**WHAT THE EXERCISE ASKS:** The expected answer is the set of lines in the data below between the line holding "Bande Flexible Monochrome" and the line holding "Daffodil Chiffon Mermaid", inclusive, written out exactly.

[Items from a data source]
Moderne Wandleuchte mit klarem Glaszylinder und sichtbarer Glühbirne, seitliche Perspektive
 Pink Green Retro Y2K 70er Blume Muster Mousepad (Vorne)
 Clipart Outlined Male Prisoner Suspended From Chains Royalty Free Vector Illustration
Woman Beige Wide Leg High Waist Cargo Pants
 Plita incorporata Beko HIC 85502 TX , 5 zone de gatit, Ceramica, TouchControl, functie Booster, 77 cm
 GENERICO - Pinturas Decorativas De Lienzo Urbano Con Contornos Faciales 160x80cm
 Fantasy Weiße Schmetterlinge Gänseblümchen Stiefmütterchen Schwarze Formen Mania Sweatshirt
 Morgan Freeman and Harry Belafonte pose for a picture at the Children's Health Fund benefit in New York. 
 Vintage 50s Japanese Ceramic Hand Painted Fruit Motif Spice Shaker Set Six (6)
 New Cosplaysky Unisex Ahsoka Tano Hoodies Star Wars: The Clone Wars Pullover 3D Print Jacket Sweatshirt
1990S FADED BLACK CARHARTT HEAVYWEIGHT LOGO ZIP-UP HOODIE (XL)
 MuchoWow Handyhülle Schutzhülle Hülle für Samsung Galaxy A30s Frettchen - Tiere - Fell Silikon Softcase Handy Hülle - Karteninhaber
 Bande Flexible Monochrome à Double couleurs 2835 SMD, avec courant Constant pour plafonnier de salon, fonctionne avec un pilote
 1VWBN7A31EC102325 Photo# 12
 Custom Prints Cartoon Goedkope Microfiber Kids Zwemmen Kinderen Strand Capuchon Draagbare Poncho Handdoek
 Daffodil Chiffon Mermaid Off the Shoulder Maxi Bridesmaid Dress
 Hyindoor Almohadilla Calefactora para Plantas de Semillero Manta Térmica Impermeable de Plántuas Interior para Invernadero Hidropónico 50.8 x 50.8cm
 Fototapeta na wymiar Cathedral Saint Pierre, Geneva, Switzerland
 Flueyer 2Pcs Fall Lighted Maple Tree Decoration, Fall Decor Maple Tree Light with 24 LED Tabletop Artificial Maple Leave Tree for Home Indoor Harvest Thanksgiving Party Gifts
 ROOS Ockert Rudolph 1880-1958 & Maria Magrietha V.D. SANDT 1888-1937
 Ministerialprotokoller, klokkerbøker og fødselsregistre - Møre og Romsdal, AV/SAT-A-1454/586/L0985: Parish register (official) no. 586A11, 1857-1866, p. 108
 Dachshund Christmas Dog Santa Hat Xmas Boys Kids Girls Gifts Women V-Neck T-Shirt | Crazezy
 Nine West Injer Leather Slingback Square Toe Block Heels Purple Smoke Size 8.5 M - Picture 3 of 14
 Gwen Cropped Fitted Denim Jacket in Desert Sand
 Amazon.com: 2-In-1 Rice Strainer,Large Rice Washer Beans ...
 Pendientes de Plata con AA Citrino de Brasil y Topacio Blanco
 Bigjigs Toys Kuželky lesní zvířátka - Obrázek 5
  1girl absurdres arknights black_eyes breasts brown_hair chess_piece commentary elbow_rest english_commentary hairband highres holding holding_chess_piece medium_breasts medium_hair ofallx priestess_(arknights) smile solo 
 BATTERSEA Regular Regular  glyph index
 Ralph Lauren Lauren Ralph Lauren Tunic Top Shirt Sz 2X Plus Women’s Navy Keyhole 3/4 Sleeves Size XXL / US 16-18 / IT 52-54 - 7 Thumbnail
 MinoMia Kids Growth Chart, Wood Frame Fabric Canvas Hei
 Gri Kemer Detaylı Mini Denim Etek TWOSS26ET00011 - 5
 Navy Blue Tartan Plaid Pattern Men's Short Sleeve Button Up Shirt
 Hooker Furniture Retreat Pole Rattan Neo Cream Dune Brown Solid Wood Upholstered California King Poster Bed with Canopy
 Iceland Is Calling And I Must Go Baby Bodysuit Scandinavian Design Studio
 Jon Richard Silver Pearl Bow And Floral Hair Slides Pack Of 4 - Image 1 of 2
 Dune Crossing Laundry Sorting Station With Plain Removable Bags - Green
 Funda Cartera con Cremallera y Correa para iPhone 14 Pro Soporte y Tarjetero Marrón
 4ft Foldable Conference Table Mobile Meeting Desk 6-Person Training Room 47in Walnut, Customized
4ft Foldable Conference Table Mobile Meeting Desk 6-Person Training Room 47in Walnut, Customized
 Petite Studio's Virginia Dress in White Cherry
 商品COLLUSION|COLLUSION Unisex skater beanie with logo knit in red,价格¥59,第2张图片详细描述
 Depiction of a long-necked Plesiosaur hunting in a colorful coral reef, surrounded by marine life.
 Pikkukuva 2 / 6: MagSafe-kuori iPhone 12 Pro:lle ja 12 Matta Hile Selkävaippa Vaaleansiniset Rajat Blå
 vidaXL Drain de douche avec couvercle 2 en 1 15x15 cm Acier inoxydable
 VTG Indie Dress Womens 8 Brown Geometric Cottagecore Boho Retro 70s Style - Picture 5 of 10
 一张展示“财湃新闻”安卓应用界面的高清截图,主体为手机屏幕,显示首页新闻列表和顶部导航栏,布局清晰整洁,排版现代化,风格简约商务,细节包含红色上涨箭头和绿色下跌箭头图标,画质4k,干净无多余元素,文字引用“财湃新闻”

**WRITTEN REPLY:**
 Bande Flexible Monochrome à Double couleurs 2835 SMD, avec courant Constant pour plafonnier de salon, fonctionne avec un pilote
 1VWBN7A31EC102325 Photo# 12
 Custom Prints Cartoon Goedkope Microfiber Kids Zwemmen Kinderen Strand Capuchon Draagbare Poncho Handdoek
 Daffodil Chiffon Mermaid Off the Shoulder Maxi Bridesmaid Dress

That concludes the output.